Contrary to popular belief, Grumpy Cat’s surly expression is not caused by a morose disposition; rather, it is the direct result of an underbite due to a type of feline dwarfism known as achondroplasia [6]. Mutations in the UDP-glucose 6-dehydrogenase (UGDH) gene were suggested to cause this genetic disease [7, 8], leading to abnormal bone and cartilage development. This condition was speculated to have an autosomal dominant mode of inheritance. Homozygous mutants were not observed, likely because of its lethality at an early embryonic stage [7–9]. Although the resultant physical deformities may seem cute to us, they are also associated with spinal and degenerative joint problems [9], and a shortened lifespan [6]; yet breeders continue to breed cats afflicted with feline dwarfism to meet the high demand for unique-looking cats. Take this article as a sign: Adopt, don’t shop!


1 Editor’s note: The phrase “haz cheezburgerz” comes from LOLspeak – the vernacular associated with the LOLcats Internet memes that first became popular in 2007 [10]. LOLspeak embodies what made the LOLcats memes so popular – intentionally misspelled words that phonetically resemble the grammatically correct word (“cheezburger” for cheeseburger) and “purr-fect” puns that play on the fact that a cat is supposedly saying these phrases.

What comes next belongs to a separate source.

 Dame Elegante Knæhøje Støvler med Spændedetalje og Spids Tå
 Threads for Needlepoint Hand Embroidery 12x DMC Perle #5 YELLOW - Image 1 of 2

2 Ig Nobel Prize: An award that celebrates scientific research that “first makes people laugh, then think.”


[1] Belvoir Media Group, Cornell University College of Veterinary Medicine Feline Health Center. Feeding Human Foods: The Facts. CatWatch.

[2] Yuyama M. Oxidative Compounds in Onion (Allium cepa L. Onion). Isolation and Demonstration of Their Oxidative Damage to Erythrocytes. Japanese Journal of Veterinary Research. 1989;37(2):144.

[3] Lesser J. Can Cats Eat Salami? The Spruce Pets.,safe%20to%20offer%20your%20cat.

[4] Fardin MA. Answering the question that won me the Ig Nobel prize: Are cats liquid? The Conversation.

[5] Devlin H. Solid and liquid cats, didgeridoos and cheese disgust scoop Ig Nobel awards. The Guardian.

[6] Metych M. Dwarfism in Cats: It’s Only Cute ‘til Someone Gets Hurt. Encyclopaedia Britannica.

[7] Struck AK, Braun M, Detering KA, et al. A structural UGDH variant associated with standard Munchkin cats. BMC Genetics. 2020;21(1):67. doi:10.1186/s12863-020-00875-x

[8] Anderson LM, Fox DB, Chesney KL, Coates JR, Torres BT, Lyons LA. Skeletal Manifestations of Heritable Disproportionate Dwarfism in Cats as Determined by Radiography and Magnetic Resonance Imaging. Veterinary and Comparative Orthopaedics and Traumatology. 2021;34(5):327-337. doi:10.1055/s-0041-1730355

[9] British Small Animal Veterinary Association. Cat Breeds – Trophies With Hidden Problems? Journal of Small Animal Practice. 2008;49(10):7-9.

[10] Gawne L, Vaughan J. I can haz language play: The construction of language and identity in LOLspeak. Proceedings of the 42nd Australian Linguistic Society Conference – 2011. 2012;97-122.